Where it all went wrong

 Be honest: large parts of the Church today talk about Jesus as if He’s simply interchangeable with God the Father. But that’s not what Scripture teaches.


Paul made it clear: God is the head of Christ (1 Cor 11:3). He said that after all things are put under Christ’s rule, even then — at the end — the Son will still be subject to the Father, so that “God may be all in all” (1 Cor 15:28). That’s eternal subjection, not temporary. And it doesn’t threaten Christ’s divinity — it defines it in biblical terms.


But somewhere along the line, the main Churches got scared. Arius twisted subjection into denial of Christ’s divinity, and in response, the Churches overcorrected. The language changed. “Subjection” disappeared. Everything became about “equal essence,” “co-equal authority,” and abstract sameness.

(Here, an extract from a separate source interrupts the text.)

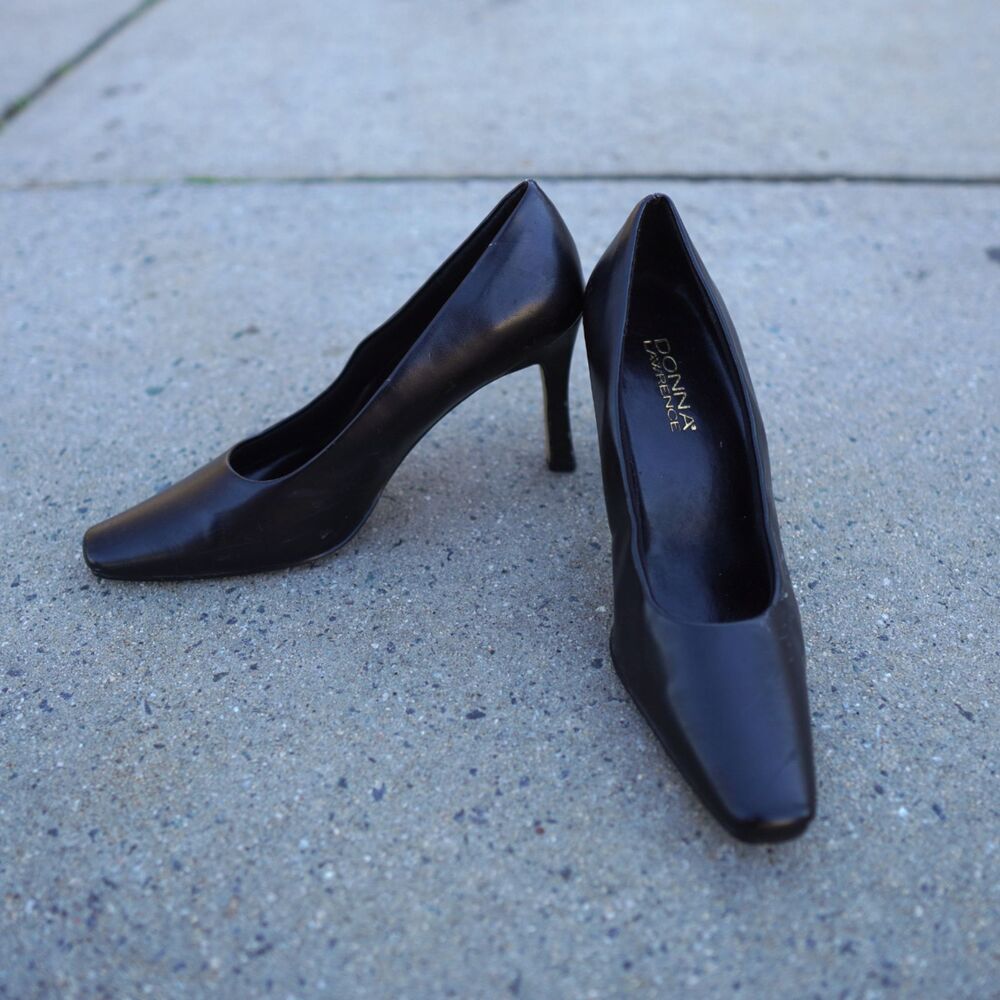 Donna Lawrence Meredith Black Faux Leather Pumps Heels 9.5 4” Classic Flawed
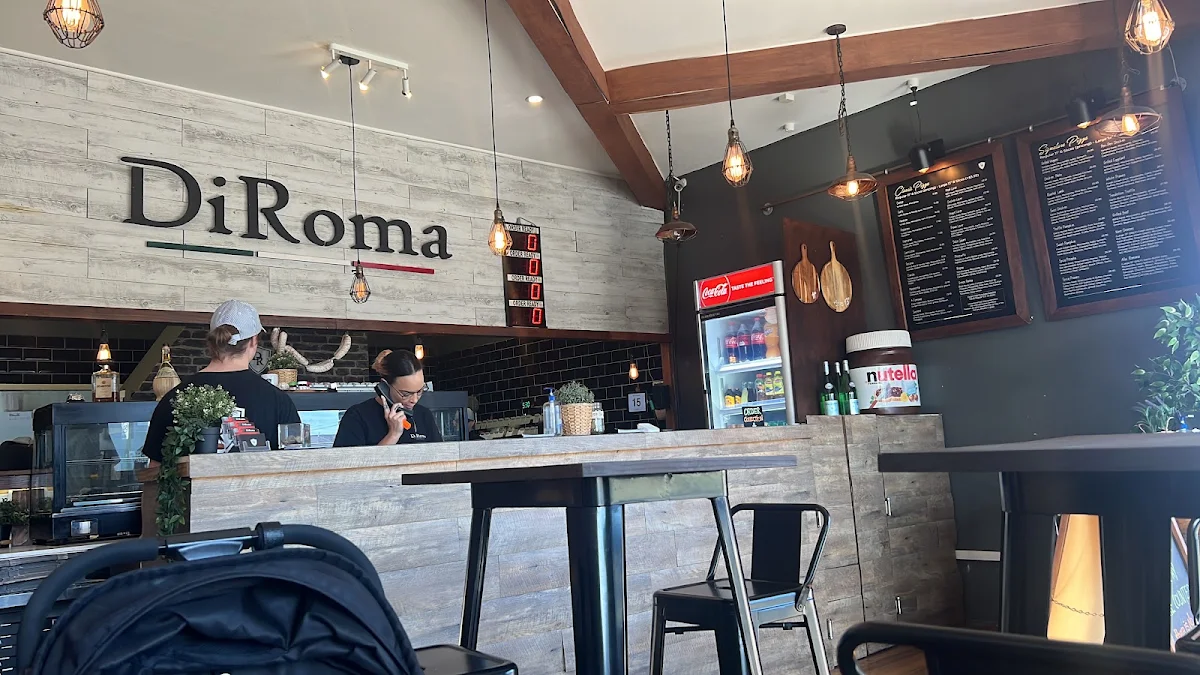 Vibe, DiRoma Pizzeria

In doing that, they started flattening the Godhead. They stopped talking like Paul. They stopped talking like Jesus.


Even in Revelation, after the resurrection and ascension, Jesus still says the Father is His God. That never changed. And it never will.


The Son is divine — no question. But He is not the Father, and He has never claimed to be. He came to do the Father’s will. He speaks the Father’s words. He returns the kingdom to the Father. And He remains subject to the Father forever.


It’s time to stop being more careful than Scripture. Christ’s eternal subjection to God is not a problem — it’s part of the gospel. And if we reject that, we’re not defending His glory — we’re rewriting it.


God is still the head of Christ. And that’s still the truth.